O projeto foi desenvolvido pelas professoras Ana Letícia de Fiori, do curso de Ciências Sociais e do programa de pós-graduação em Artes Cênicas, e Camila Bylaardt Volker, à época do curso de Letras e atualmente servidora do Ministério das Mulheres. Elas e seis estudantes entrevistaram, por WhatsApp, mais de 50 mulheres e mães, coletando relatos sobre suas experiências de maternidade e vida.

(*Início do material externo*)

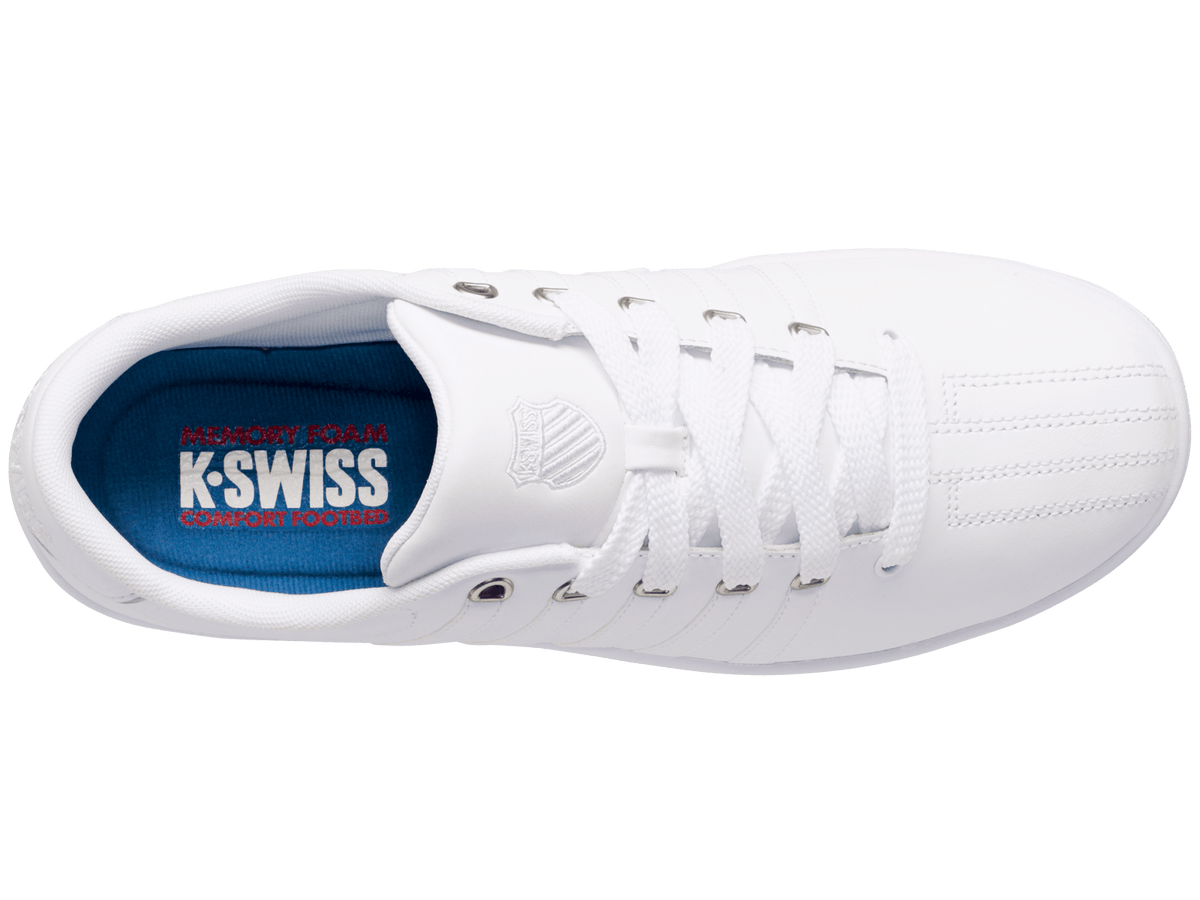 COURT PRO II CMF | K-Swiss Smart Buy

O trabalho abordou, ainda, cuidados, trabalho, família, medos, esperanças e projetos afetados pela pandemia da covid-19 no Acre, originando um e-book (162 p.) lançado pela Editora da Ufac (Edufac) em 2025, disponível para leitura online e download gratuito. Além disso, passou a integrar o Memorial Digital da Pandemia de Covid-19, como coleção.

Nessa quarta-feira, 27, as professoras Ana Letícia e Camila participaram, tratando dos relatos de maternidades, de mesa-redonda com os organizadores dos projetos Fala, Parente (PET Indígena, Unifap), a qual contou com depoimentos de indígenas do Amapá, Pará e Guiana Francesa.

A exposição levará a capitais brasileiras parte das coleções do Memorial da Pandemia de Covid-19, sediado no Rio de Janeiro e desenvolvido pela Ministério da Saúde, Organização Pan-Americana de Saúde, Centro Latino-Americano e do Caribe de Informação em Ciências da Saúde e Centro de Humanidades Digitais da Unicamp.